Michałowi Pawińskiemu z Towarzystwa Miłośników Lwowa i Kresów Południowo-Wschodnich udało się już zgromadzić kilkaset książek. Przekazało je Stowarzyszenie im. Świętego Ojca Pio w Radomiu. - Ja zaproponowałem, że te książki można przekazać osobom, które by ich potrzebowały. Myślałem tutaj o Polakach na dawnych Kresach. Propozycja spotkała się z miłym przyjęciem – mówi Michał Pawiński z Towarzystwa Miłośników Lwowa i Kresów Południowo-Wschodnichw Radomiu.
Akcją zbierania książek dla Polaków mieszkających na Białorusi, zainteresował się także radomski poseł ugrupowania Kukiz '15, Robert Mordak. - Bardzo często zdarza się tak, że zapominamy o książkach, które posiadamy i kupujemy je drugi, czy trzeci raz. Może to jest właśnie bardzo dobra okazja, żeby te księgozbiory przejrzeć i przynajmniej te książki, które się dublują przekazać – mówi Robert Mordak, poseł Kukiz '15.

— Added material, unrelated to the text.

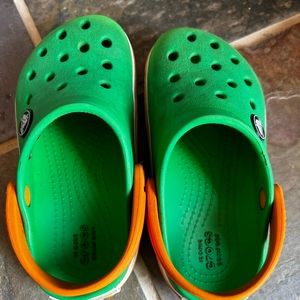 8T green Crocs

Książki, które trafią na Białoruś będą rozprowadzane przez Polską Macierz Szkolną w Witebsku. Kontakt z nią nawiązał Michał Pawiński z Towarzystwa Miłośników Lwowa i Kresów Południowo-Wschodnich. Transport zorganizuje poseł Robert Mordak. - Ja ze strony biura zapewnię transport tych książek. Będzie można tutaj przychodzić i je zostawiać. Pan dyrektor jest tu codziennie i będziemy za każdą pomoc bardzo wdzięczni – dodaje poseł Robert Mordak.
Akcja zbierania książek dla Polaków mieszkających na Białorusi potrwa do końca sierpnia.